Business graduate students have returned from China after biting into one of the world's fastest-growing economies.
The program, presented by the Kansas University School of Business, offered students a firsthand experience of business operation and strategy in China. Eleven students traveled to Beijing, Xi'an, and Shanghai to learn how different cultures and political and economical systems affected Chinese business. They visited government institutions and businesses operated by local and American companies during their two-week trip.
Tailan Chi, program director and associate professor of international business and strategy, said almost all large American companies have operations in China, including many Kansas companies.
"Business students are quite likely to have a chance to deal with China," Chi said. "The Chinese business environment is so different from the U.S. environment, so in order to operate effectively there, they need this kind of understanding."

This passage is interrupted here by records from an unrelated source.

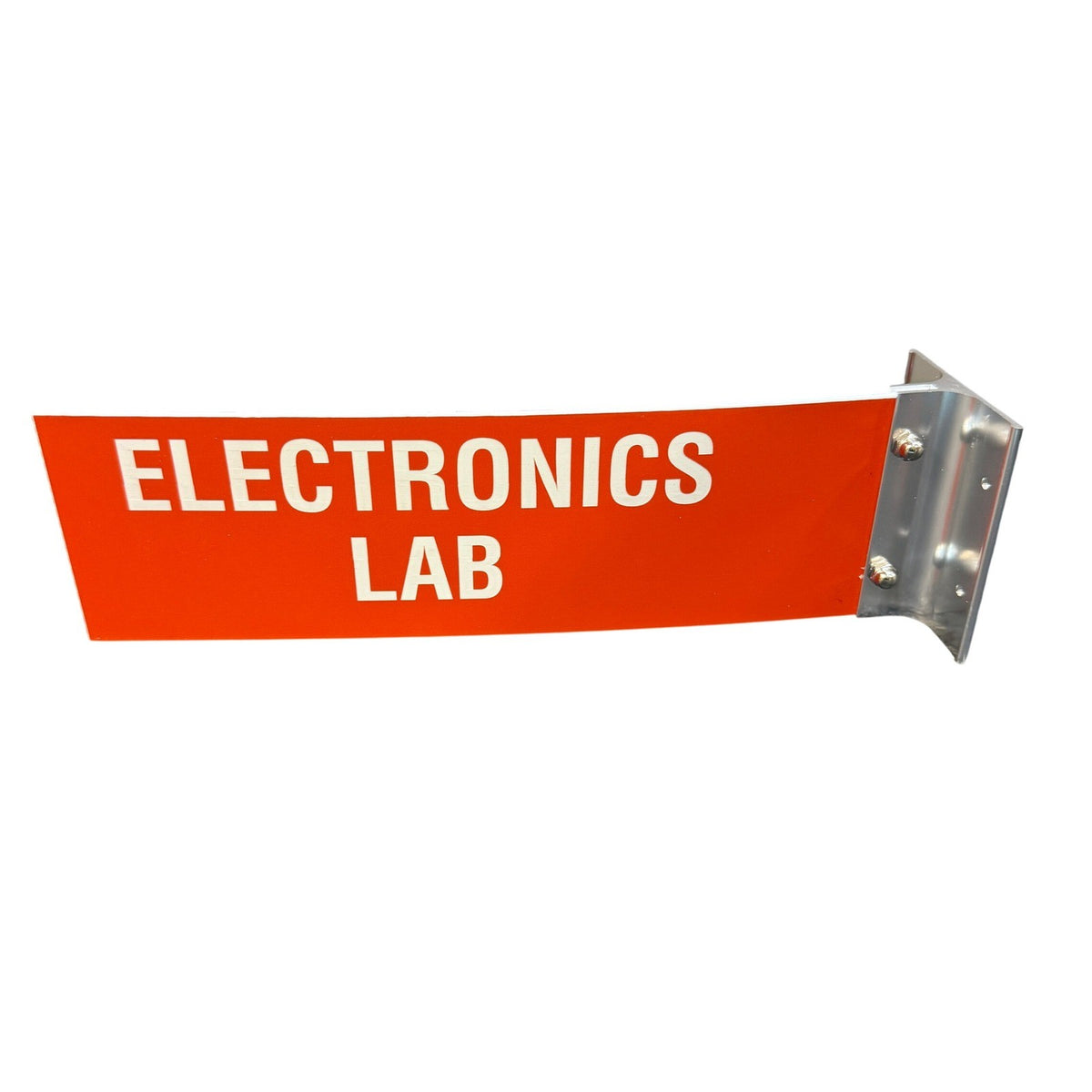 Electronics Lab Wall Mount Projecting Corridor Sign 3x10" Red & White w/ Bracket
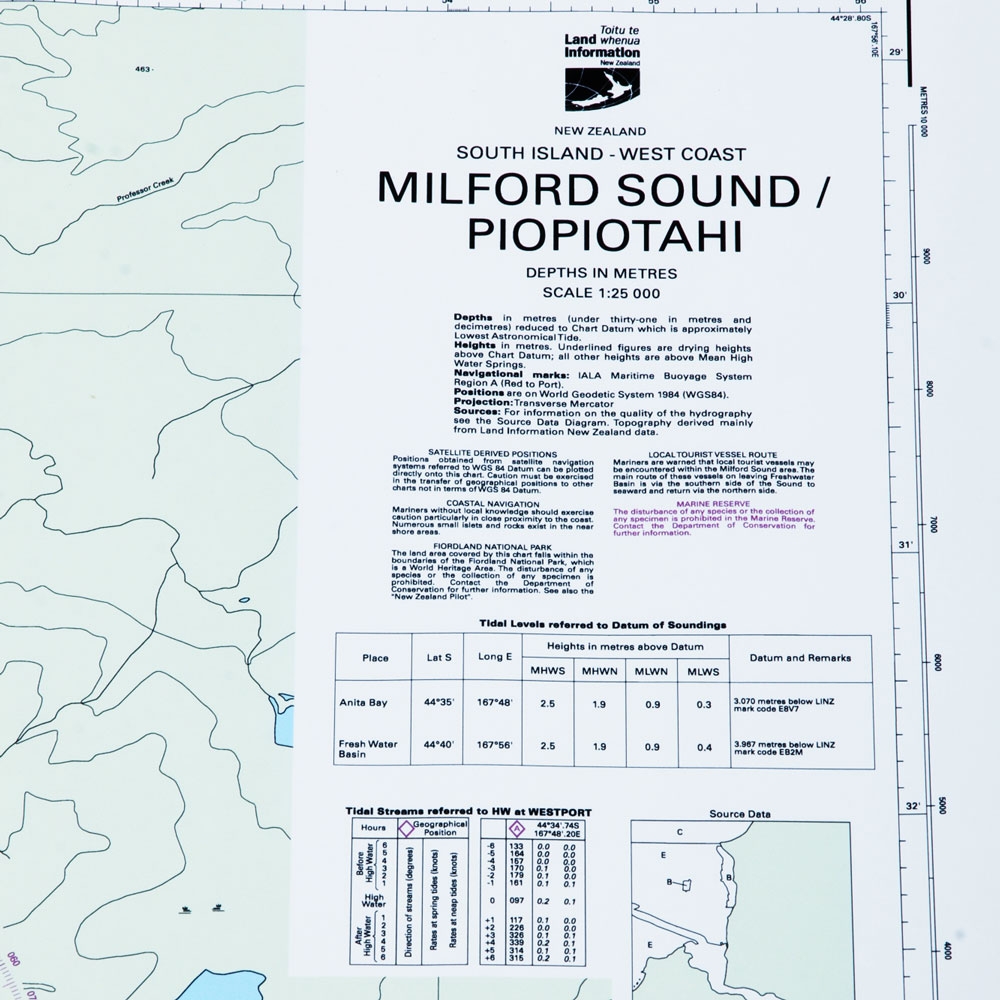 NZ 7621 Milford Sound / Piopiotahi Chart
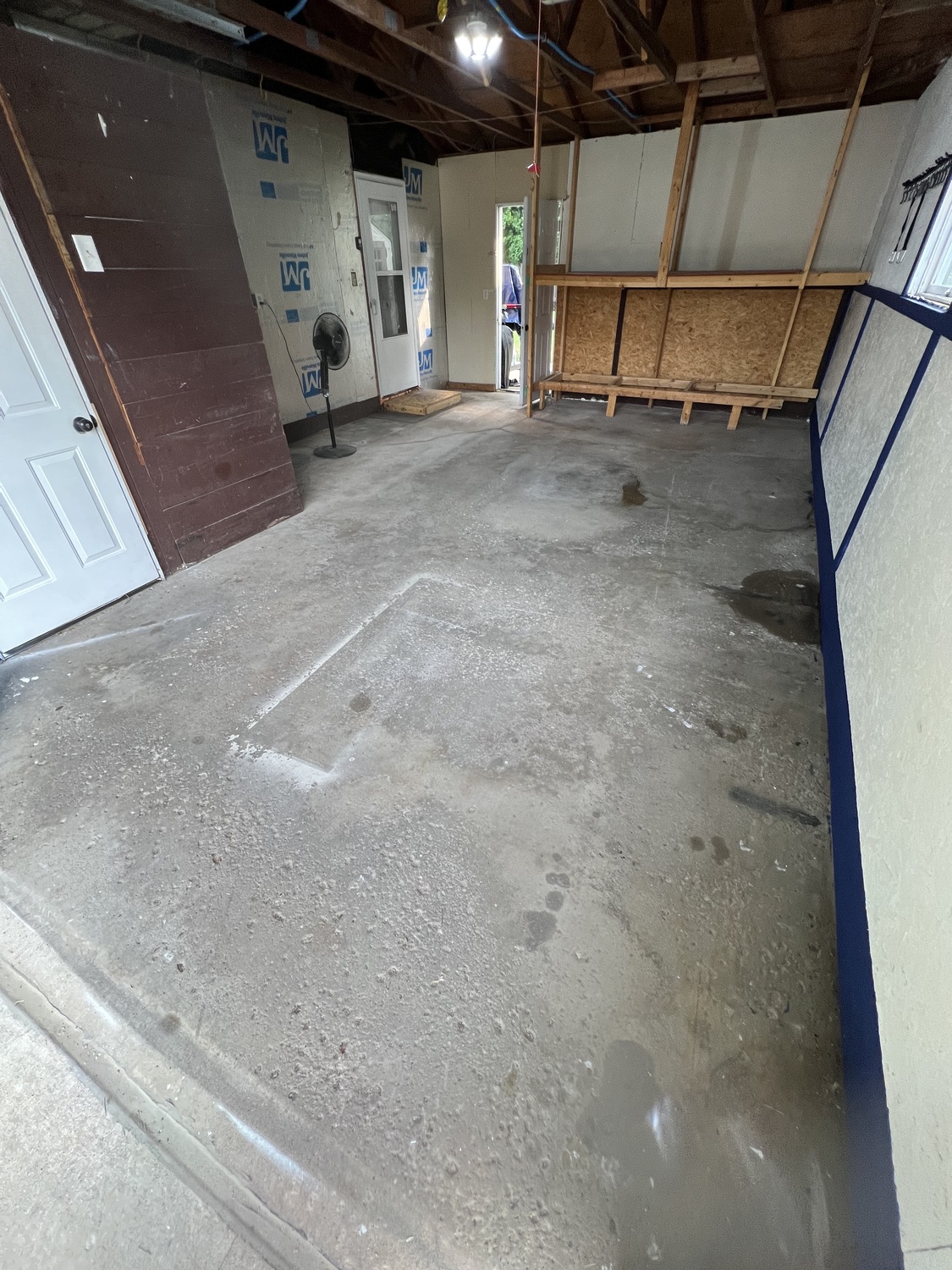 Stained garage flooring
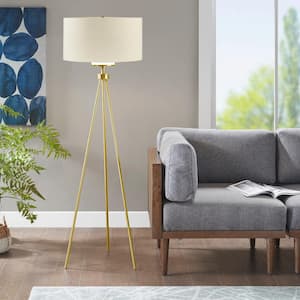 Pacific 66.5 in. Gold Smart Dimmable Standard Floor Lamp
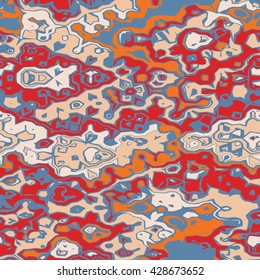 Freaky chaotic ornaments - vector seamless pattern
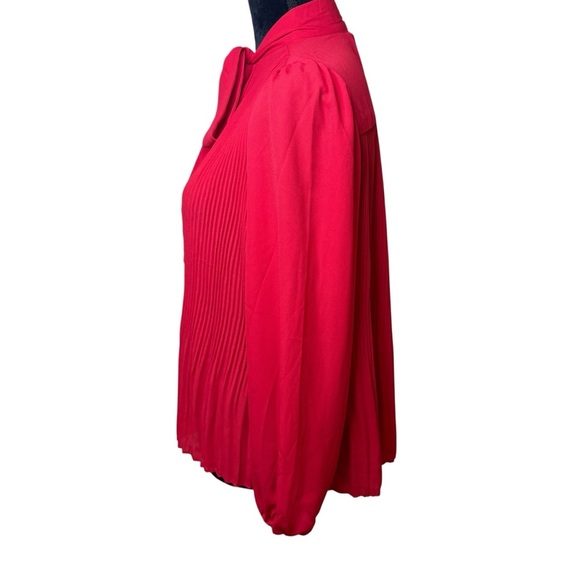 Nanette Lepore | Pleated Neck Tie Long Sleeve Blouse in Crimson Ruby | Sz S - Picture 4 of 9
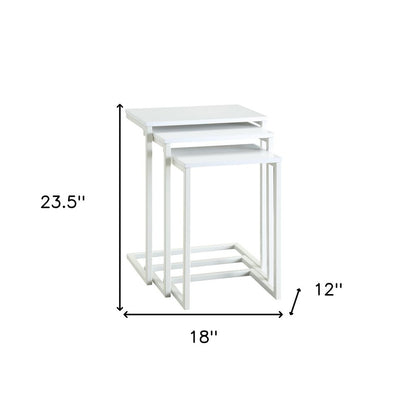 Set of Three White Solid Wood And Steel Nested Tables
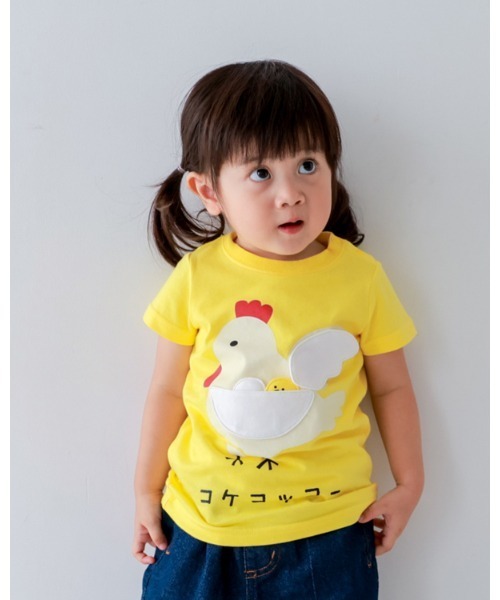 CHEEK ROOM（チークルーム）の「チークルーム コケコッコー Tシャツ（Tシャツ/カットソー・キッズ・イエロー/ピンク/グリーン・80ｃｍ/90cm/100cm/110cm/120cm/130cm）」の4枚目の写真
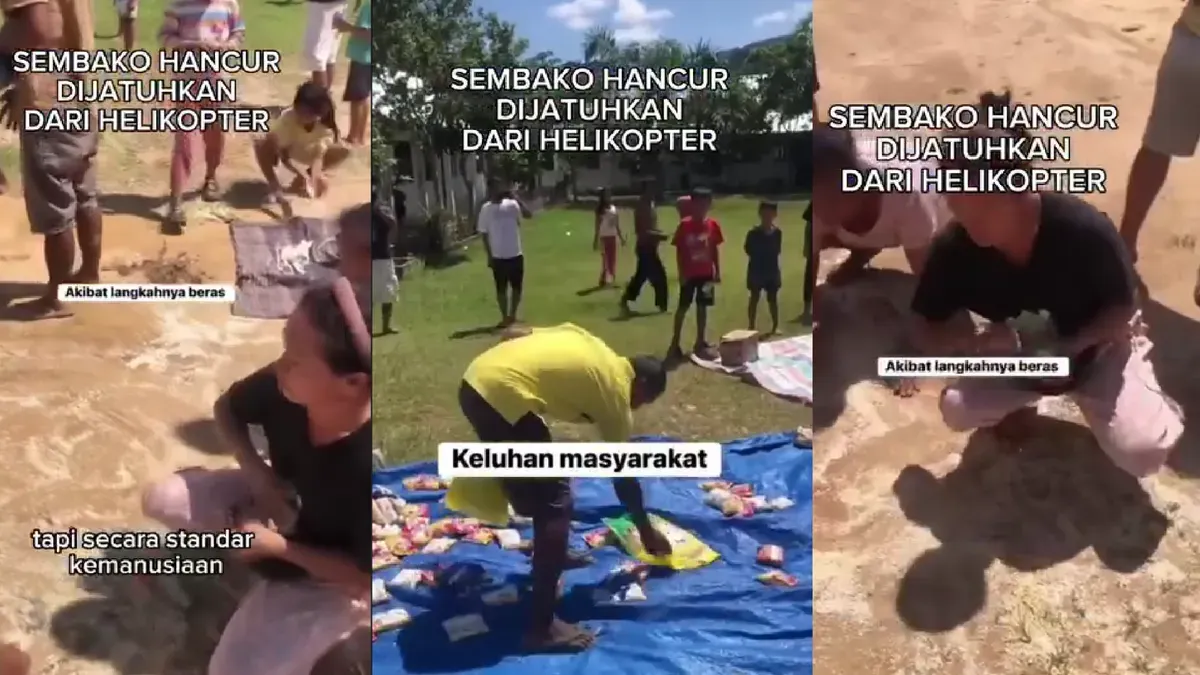 Warga mengevakuasi bantuan sembako yang dijatuhkan dari helikopter pascabencana banjir di Tapanuli Utara. (Sumber: Instagram/@sadampermana.w)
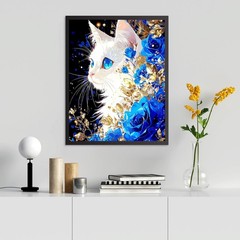 Cat Paint by Numbers for Adults, Flowers Paint by Numbers Kit for Adults Beginnr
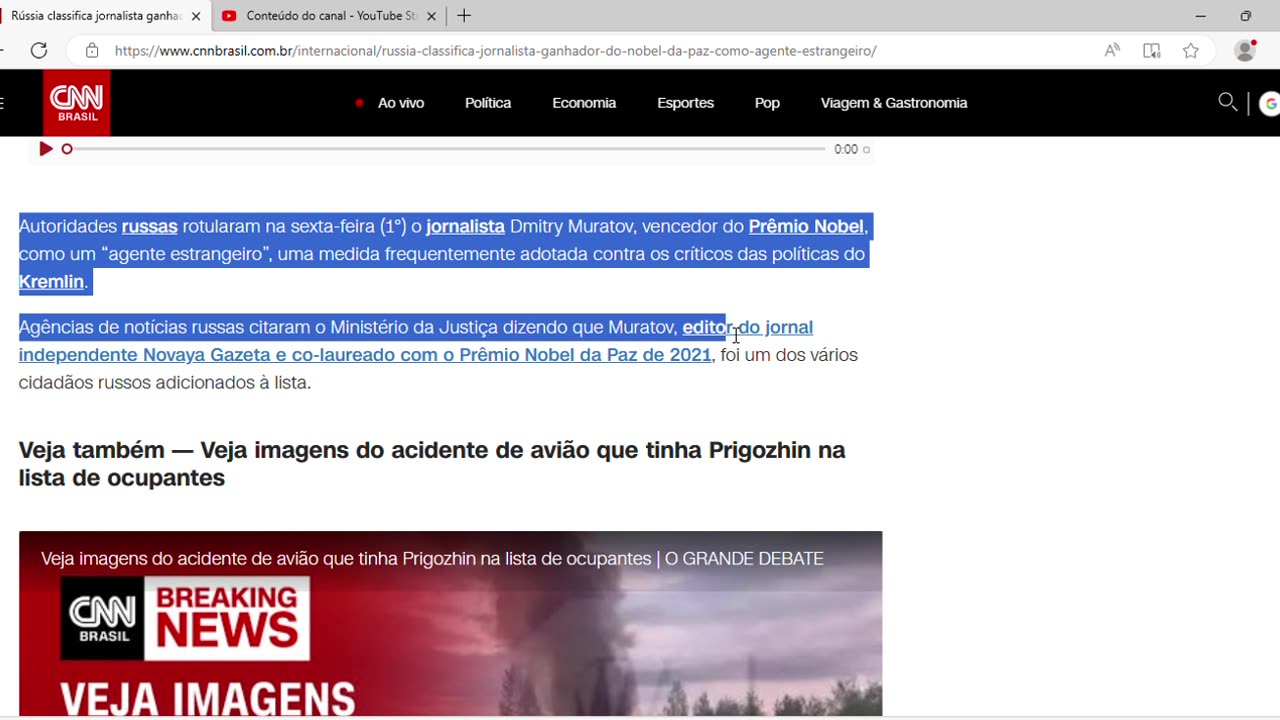 Rússia classifica jornalista ganhador do Nobel da Paz como “agente estrangeiro”
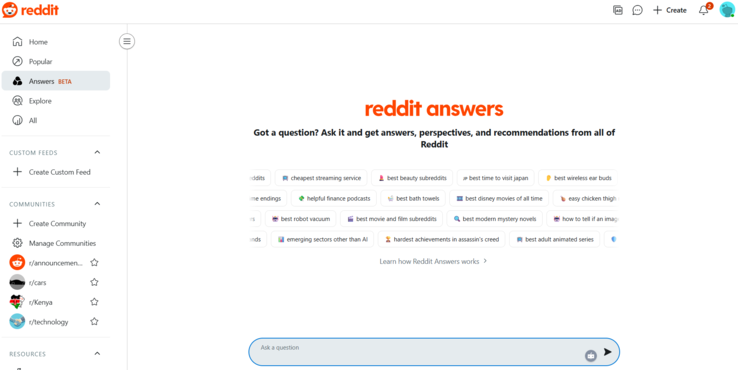 Reddit 答案页面（图片来源：Reddit/Antony Muchiri）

Justin Lueger, Seneca graduate student, had studied Chinese business but said the trip emphasized what he had learned to the extreme. In one example in Beijing, he talked to a manager of Black & Veatch, a Kansas City, MO-based company.
Lueger said he was surprised many Chinese people spoke English. He said adapting to Chinese life and business environment was easier than he thought.
Lueger said the Chinese government played a different role in business from what the U.S. government did, but he saw it was changing.
"The government was considered to be socialist," Lueger said. "I saw no indication that was a socialist type of business environment."
T'Lane Briggeman, Pratt graduate student, said the trip helped her to learn the way to deal with culture shock. She also said it opened up more options for her potential career.
"Having an accounting career, the opportunity to work abroad in whatever country for two to three years is always available to you, but I probably never would've considered working in China," Briggeman said. "It opened my eyes to something I wouldn't have considered."
Chi accompanied students for the program. He said students also learned different business etiquette. For example, Chinese people usually use formal titles or last names with Mr. or Ms. when addressing each other, unlike the more casual style in America.